-- WHAT THE EXERCISE ASKS --
Below are entries; repeat exactly, and nothing else, the lines from the one holding "小心 這三個(gè)錯(cuò)誤喝水習(xí)慣喝多了會(huì)致癌" through the one holding "Brokkolisalat", inclusive. Leave the pictures out.

-- INFORMATION SHOWN --
################
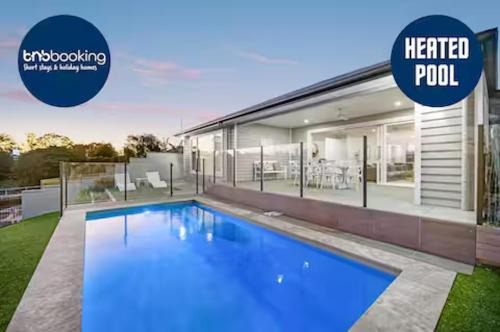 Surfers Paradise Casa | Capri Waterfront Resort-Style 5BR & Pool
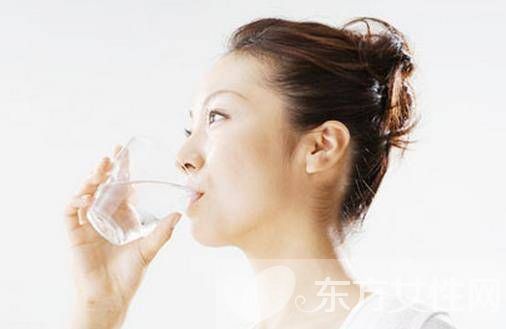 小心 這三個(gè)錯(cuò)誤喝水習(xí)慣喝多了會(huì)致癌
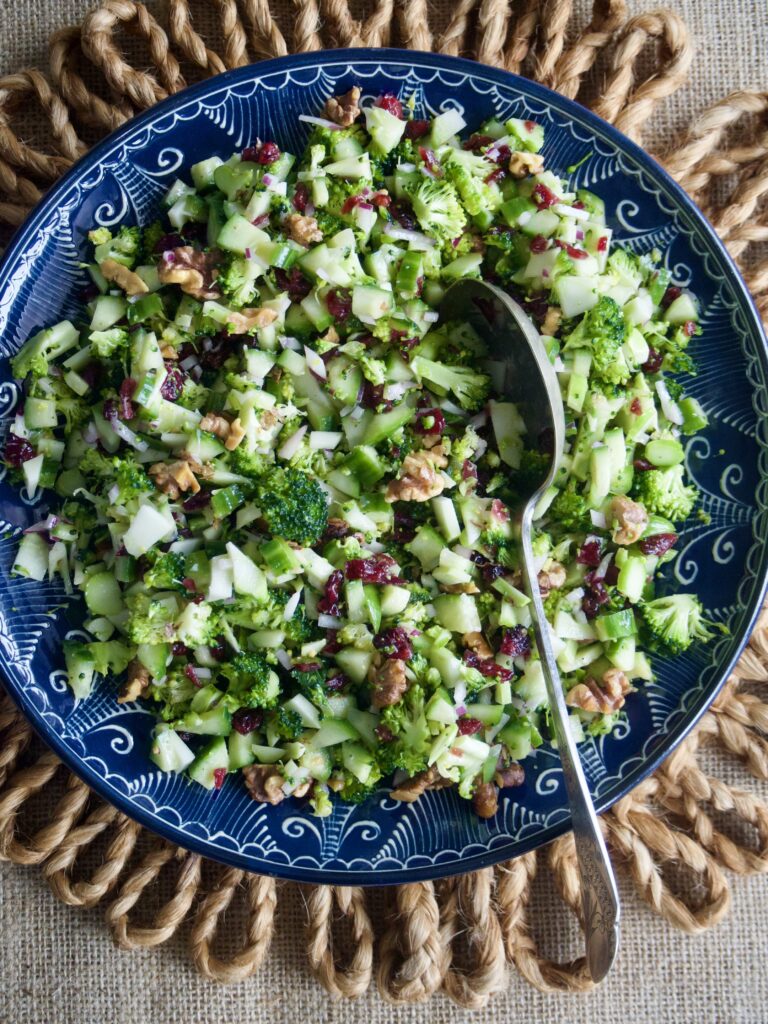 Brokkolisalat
################
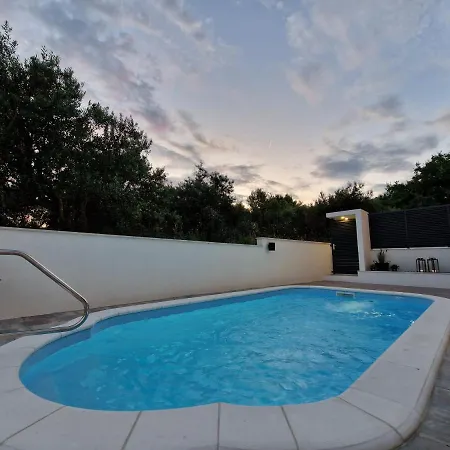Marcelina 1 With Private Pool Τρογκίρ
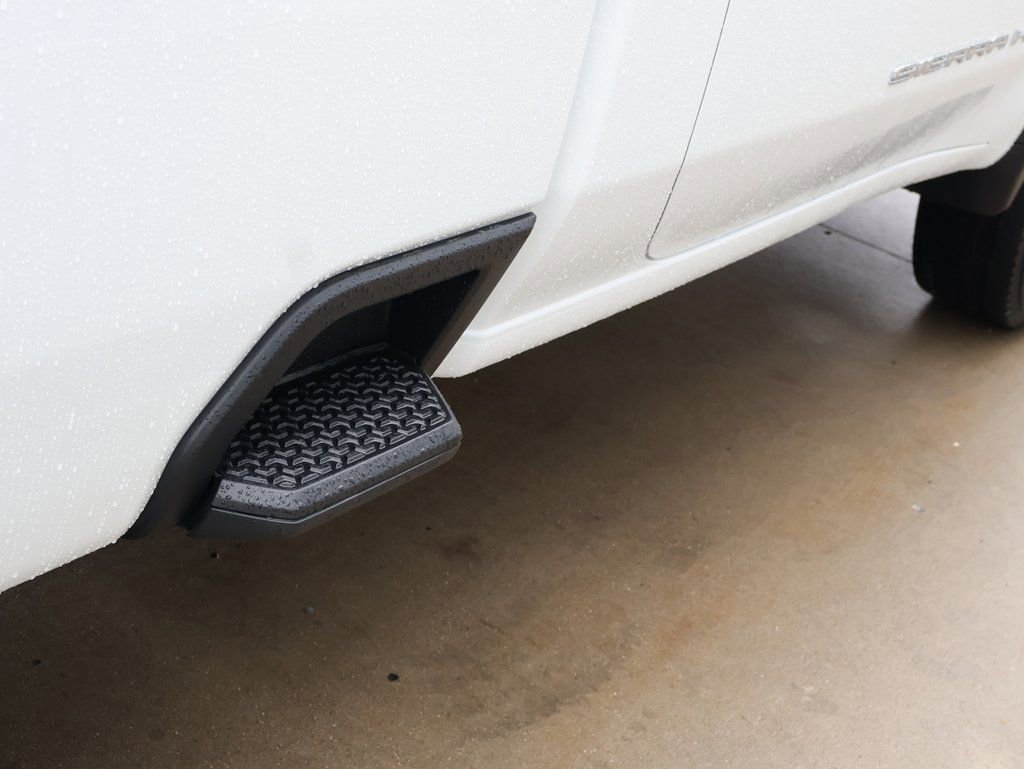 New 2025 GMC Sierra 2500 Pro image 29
################
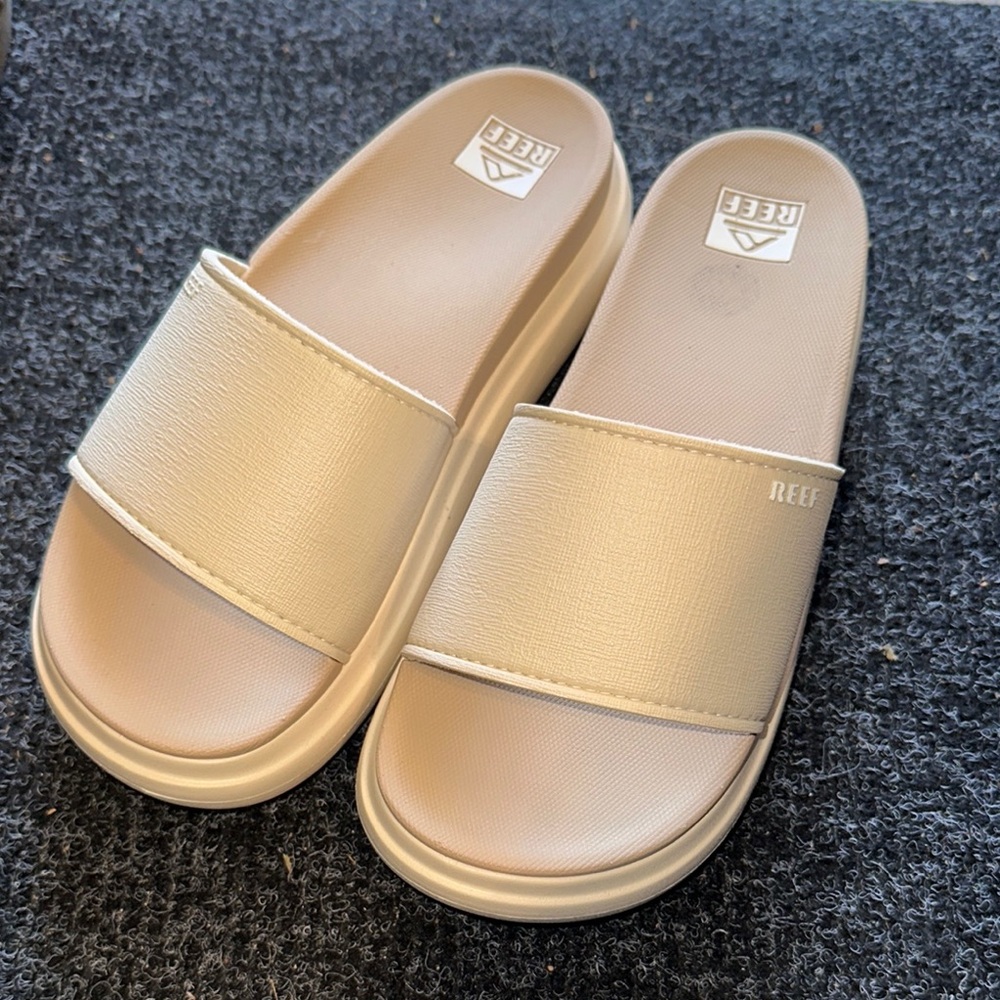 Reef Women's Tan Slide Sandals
################
-- COMPLETED EXERCISE --
 小心 這三個(gè)錯(cuò)誤喝水習(xí)慣喝多了會(huì)致癌
 Brokkolisalat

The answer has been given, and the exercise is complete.